For starters, the IRS has already proven that the agency cannot be trusted with the sensitive personal data of millions of Americans that would be required to operate a government-run tax preparation operation. The creation and ongoing maintenance of a highly complex tax preparation system would require the IRS to ask each American taxpayer for confidential information such as their social security numbers, bank account information, and investment accounts, to name a few.
The problem is that the agency has a dismal track record when it comes to protecting sensitive data. Many Americans will remember a serious incident from 2015 when the IRS failed to inform more than 700,000 taxpayers that hackers accessed their personal information. According to one of the victims of the breach, the IRS failed to provide a solution saying, “Short of changing your social security number, which I understand only witness protection program victims can do, we don’t really have a solution yet, but I think we need to search for one.”
Further, some IRS agents have abused their position of authority to conduct politically motivated audits on certain groups based on political persuasion. For example, in 2013, then IRS official Lois Lerner acknowledged that the agency had used its prowess to target hundreds of conservative organizations seeking tax exempt status for unnecessary audits and additional scrutiny. This admission made clear that certain agents are not to be trusted with even more power than they already yield.
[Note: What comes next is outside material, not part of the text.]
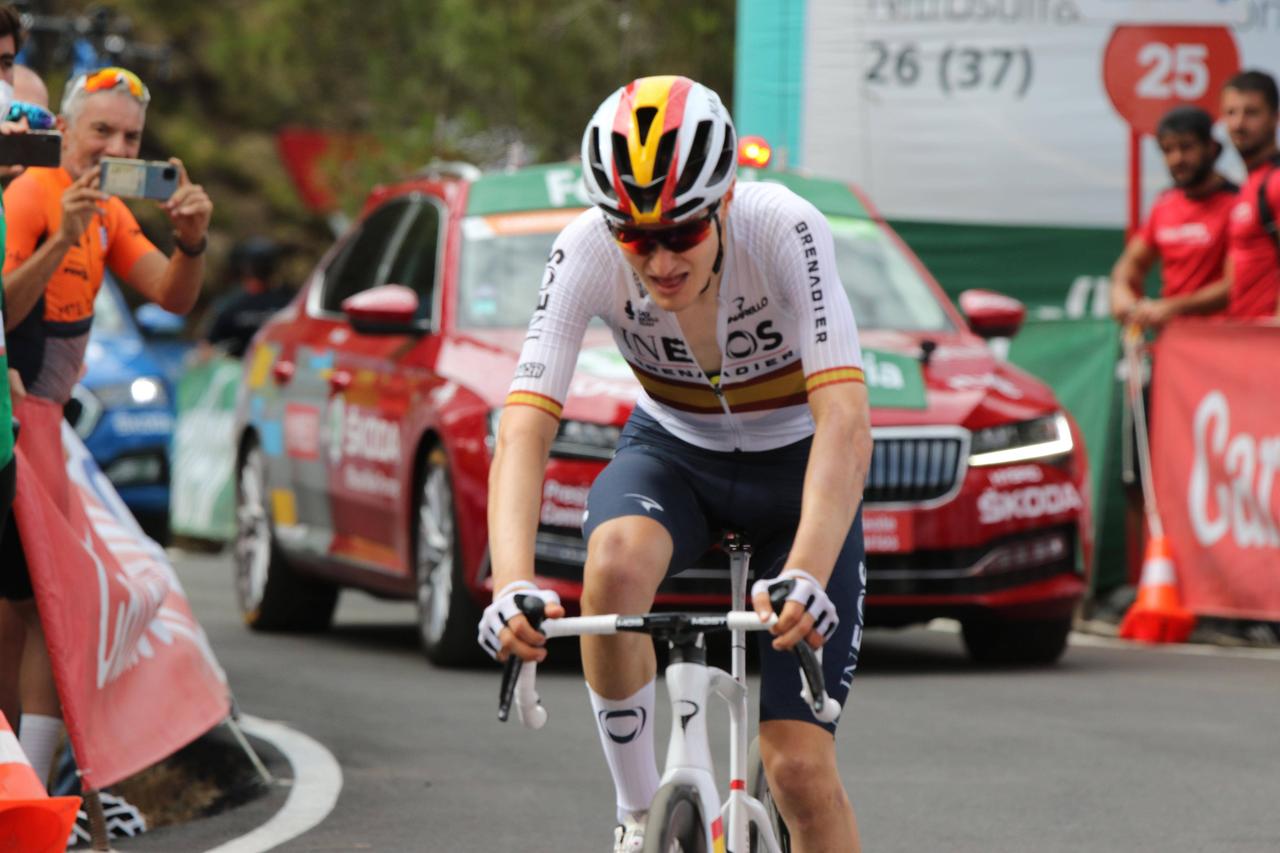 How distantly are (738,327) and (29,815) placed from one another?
5.49ft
It’s important to note that many low and middle-income Americans rely on their tax returns as part of their annual income. These Americans often file relatively complicated tax returns because they may be eligible for more tax credit and deductions than higher earners. Because of this, a one-size-fits-all tax preparation system from the government could be very harmful. A generic government form could fail to capture the unique circumstances of these Americans’ years such as additional dependents, a new home, or charitable donations. In fact, a recent study from the National Bureau of Economic Research found that a government-run tax preparation system would only work half of the time.
All this is to say that these Americans are much better off under the careful and personalized care of a professional financial advisor or by utilizing free online tools and filing their taxes themselves.
West Virginia lawmakers can and should use their voice in Washington to oppose an IRS takeover of Americans’ tax returns. This represents an opportunity for Senator Joe Manchin to buck his own party oppose a harmful Democratic policy proposal. West Virginians and Americans alike are opposed to giving more power to the IRS, and our elected officials should make it a priority to take a strong stand against a government takeover of tax returns.
Josh Holstein (R) is a member of the West Virginia House of Delegates, representing District 32.